Comitán tenía una traza urbana maravillosa. Todavía en los años cincuenta se conservaban las casas que, en gran armonía por alturas y por diseños, tejían un tapete maravilloso con paredes pintadas a la cal y con techos de teja y pisos de ladrillo. Un comiteco viajó y miró alguna belleza arquitectónica en un país europeo y en cuanto regresó a Comitán llamó a su maestro albañil y le mostró un boceto que trataba de imitar lo que había visto. “Hagame’sté una mi ventana así”, dijo y el albañil, como pudo, imitó lo que el dibujo imitaba. Así, la transformación se fue dando. Ahora Comitán es un muestrario de todos los diferentes gustos. Hay algunos balcones franceses, jardines japoneses, ventanas chinas y cuartos hindús. ¡Un tachilgüil maravilloso y escalofriante!
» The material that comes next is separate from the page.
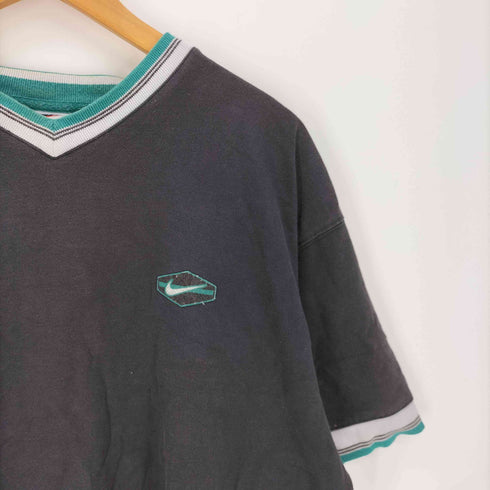 ナイキ NIKE 00S スウッシュワッペン リブライン Vネック S/S Tシャツ メンズ import:L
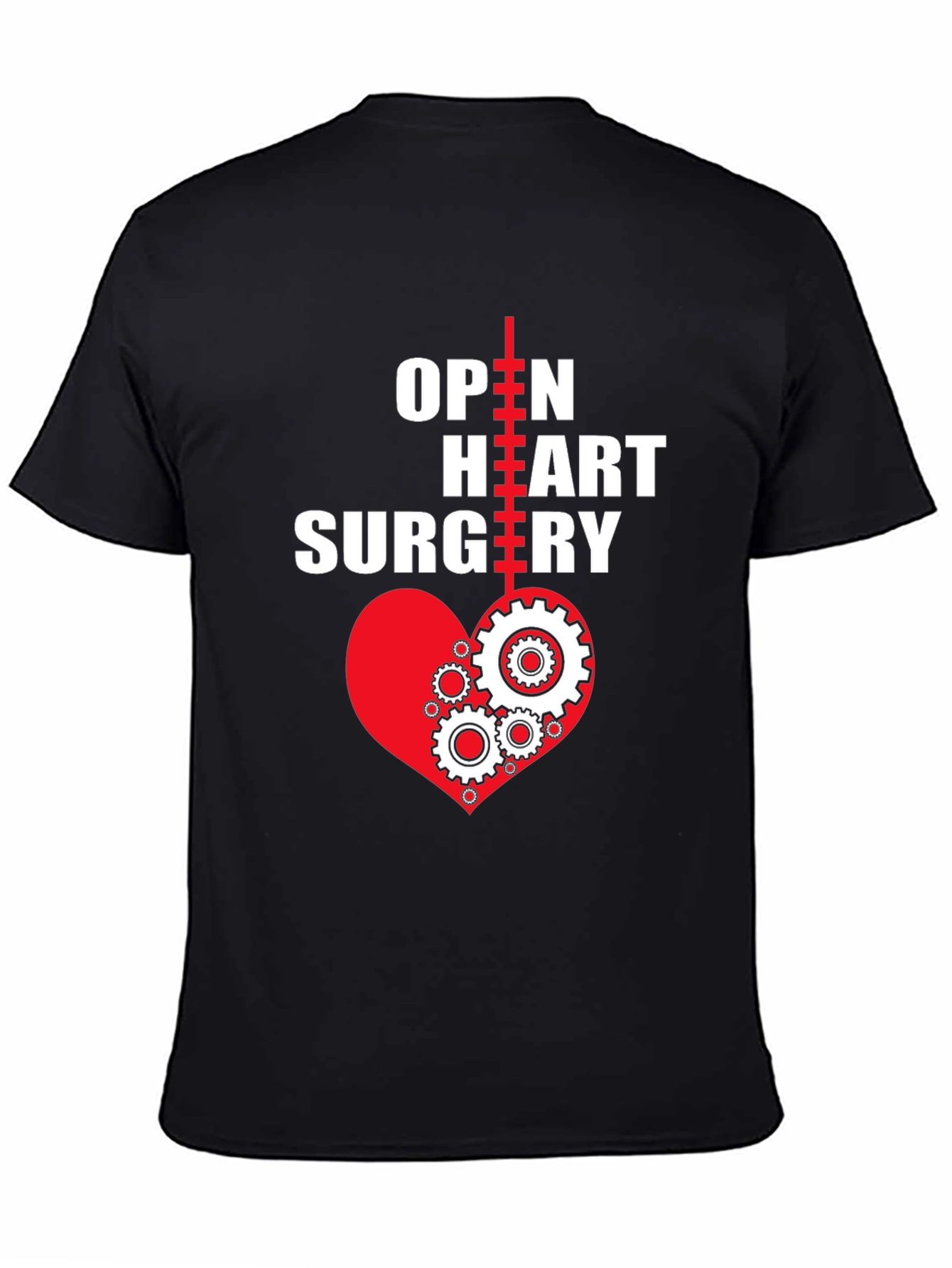 Black Open Heart Surgery T-Shirt - Heart Gears view 4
Posdata: ¡mirá lo que hice! Por andar metido en otras veredas olvidé que en la carta anterior no te conté el final del cuentito que me contaba mi tía. ¿Por qué Juan quedó ciego, tan ciego como el oso que apresaba entre sus garras al niño? Otra vez acabó el papel; otra vez son las cuatro de la mañana con cincuenta y siete minutos. Ahora menos salgo a la calle, porque la otra tarde sufrí un desgarro en el “camote” de la pierna derecha. Camino con dificultad. Hago uso de un bastón. Mi Paty se acordó que hace muchos años, en el patio de la casa de Javier, subí mal una grada y me doblé. El pie se me hinchó como globo. Enrique dijo: “¡Y no has bebido ni una!”. Ahora, el desgarro sucedió de manera similar. Caminaba cerca de Electra cuando sentí el tirón. Ya me costó trabajo dar el siguiente paso, debí apoyarme en la pared. Mi tendón se abrió como si fuese un bagazo de caña. Me hubiese gustado decir que el desgarro ocurrió jugando fútbol o corriendo en una maratón, pero ¡no!, sucedió de la manera más tonta, dando el paso en una banqueta, un paso lento y medido. ¡Dios mío! Tal vez esto me ocurrió porque no ejercito mis músculos y siempre estoy sentado escuchando a Barry White. Si tuviese el gusto por la música grupera, tal vez me pararía y bailaría y mis músculos tendrían elasticidad. Te mando una foto donde está un diablo agazapado detrás de una puerta. Tal vez él me “metió” el pie a la hora que di el paso. En fin, ya estoy en la edad de las AR.